Sunday, May 01, 2005

desk notes

HOO HAH! It's the online edition of HEADSUP-L, so bear with any technological disasters.

CUTLINE REVISIONISM: "Christian Orthodox worshippers pass candles around the tomb where Jesus Christ is traditionally believed to be buried in Jerusalem on Saturday" (7A Sunday). As a rule, folks who believe that this is where Jesus was buried also believe that it's where he got up a couple days later. "Is traditionally believed to have been buried" would have acknowledged that fairly significant element.

Now for some fine-tuning. For this sort of event, you need to identify the Church of the Holy Sepulchre by name. It's not the only such site; the Garden Tomb, just down Nablus Road from the Old City, is also claimed as the site of Jesus' tomb. And when you take a semantic shortcut, take the right one. We say "pass candles around the tomb," suggesting that the candles are circling the thing. The original said "pass candles TO fellow worshippers AROUND the tomb": The candles are being passed to people, and "around the tomb" is where the people are standing. The prepositional phrases aren't interchangeable. They rarely are.

COLLECTIVE UNCONSCIOUS: The confusion over what to do with collective nouns is getting out of hand. The AP's entry has some good advice, but it leaves out the prime offenders here in collegetown, "faculty" and "staff," and misses a few other important points. So stick with these simple rules and you'll never go wrong.

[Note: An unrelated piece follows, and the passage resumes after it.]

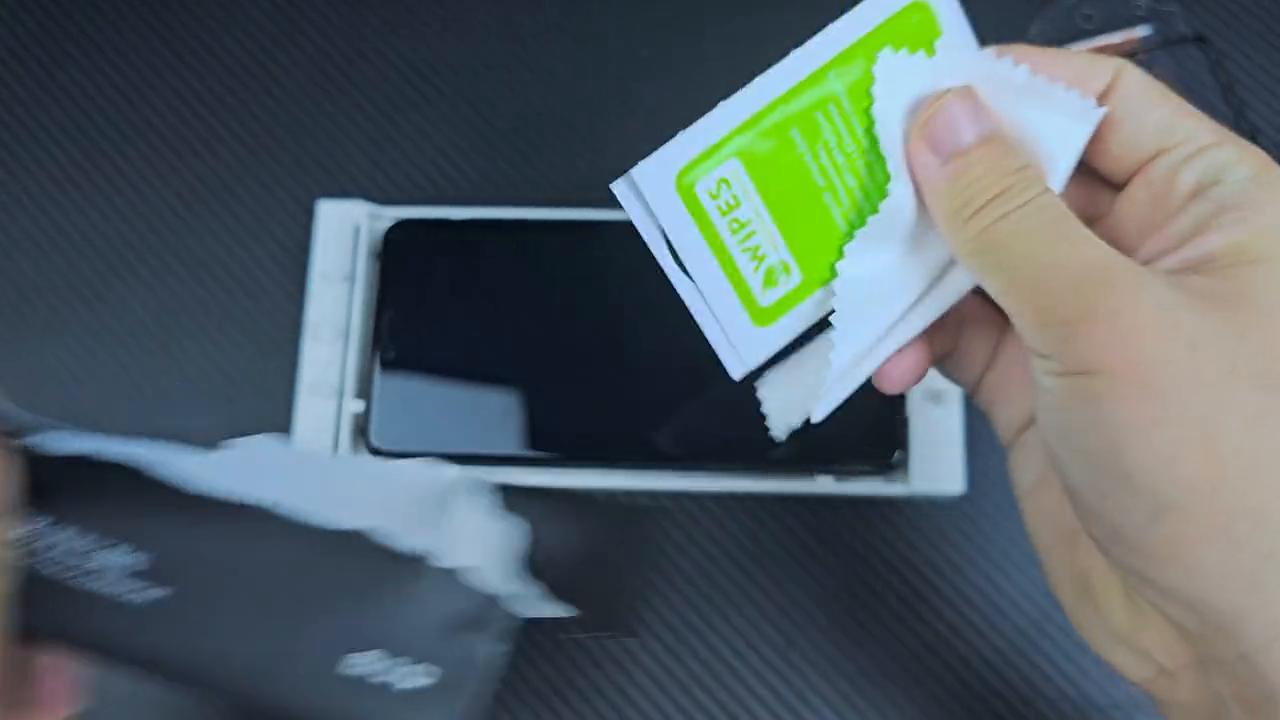 华为mate30pro开箱钢化膜,华为mate60pro要撕膜吗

Nouns that denote a unit -- the AP's examples include "class," "committee" and "crowd," but we can add "faculty" and "staff" -- are singular and take singular verbs, but like most singular nouns, they usually take a "determiner": an article or a demonstrative adjective, for example. The other main way for them to appear is as attributive modifiers with plural nouns. So with "faculty," there would be two equally correct forms:
The faculty was ranked fifth in the nation (singular noun, singular verb).
Faculty members were told they wouldn't get raises (noun modifying plural noun, with plural verb; you could also use "Members of the faculty were told ...").

Those are the only two correct ways to use "faculty." You can't say "Faculty is expected to administer grades that best reflect student performance" (5A April 22) or "Faculty are not expected to use the whole scale" (ibid, and whoever let those contradictory uses in consecutive paragraphs go by was either tossing coins or sleeping at the switch). And by all means don't do anything as bizarre as "Syrian military leave Lebanon" (1A Wednesday).

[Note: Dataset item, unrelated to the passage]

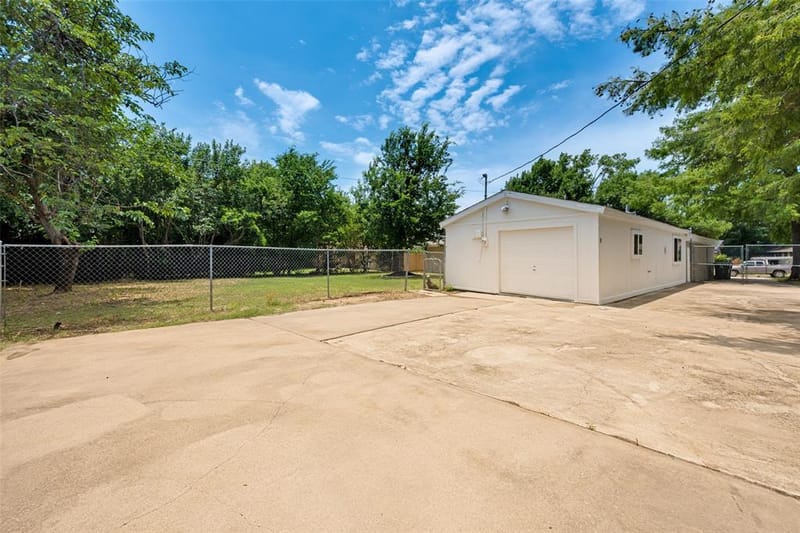 1717 Monaco Drive, Arlington TX 76010 - Photo 25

This one is going to take some work. Academics and administrators are notoriously bad writers, and we need to work extra hard to avoid sounding like our sources. But we have the justification of being, well, right.

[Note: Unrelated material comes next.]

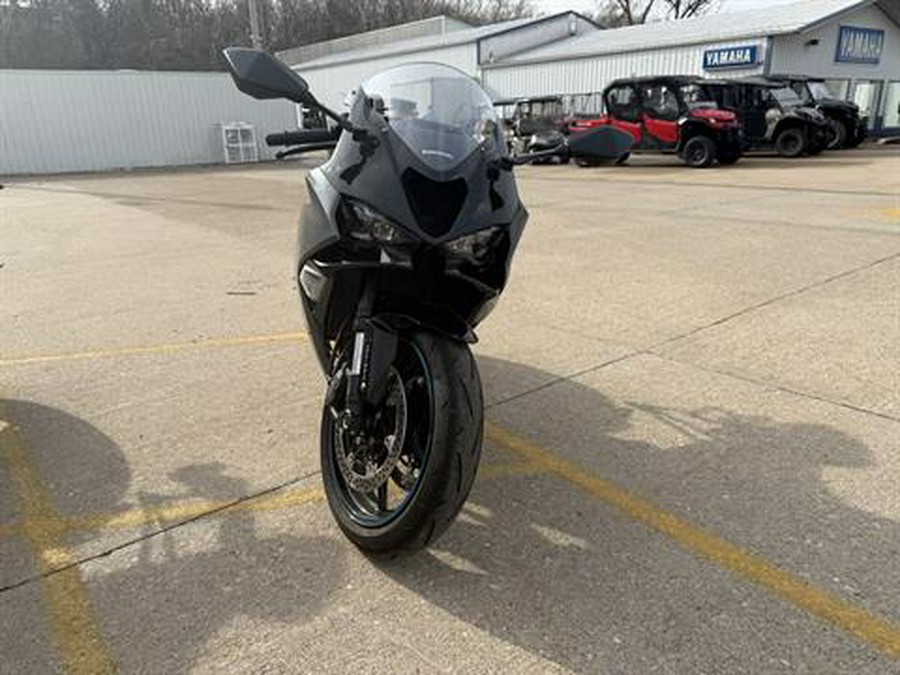 2025 Kawasaki Ninja ZX-6R ABS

Bottom line: When you see "faculty," "staff" or the like, it needs either a determiner and a singular verb:
The faculty approved the measure.
This committee is in the pay of Satan.
or a plural noun to govern a plural verb:
Members of the committee were executed at dawn.
Staff members took the money and burned the rezoning proposal anyway.
Any questions?

THE "THAT" ISSUE: In the ongoing campaign to stamp out robot writing and bad J105 habits, a few guidelines for when to use "that" after attribution.

You can almost always delete "that" when a simple independent clause follows "said." In "Norm Reubling, MO-X owner, said that he recognized those economic impacts" (1A Friday), the "that" can come out with no harm done.

You always need "that" when a subordinate or relative clause follows "said." HINT: Whenever you see "if," "when," "although" or the like, be sure there's a "that" introducing the next clause.
"He said if two students fail the same course taught by two different professors, one could fail whole the other student receives no grade" (5A April 22). Needs "that" before "if."

Always use "that" if a time element follows the verb of attribution. Always use "that" with verbs like "explain," "estimate," "point out" and the like. Yes, being a good editor requires that you be able to tell an independent clause from a subordinate clause. That's why you're here and not in the advertising sequence, right?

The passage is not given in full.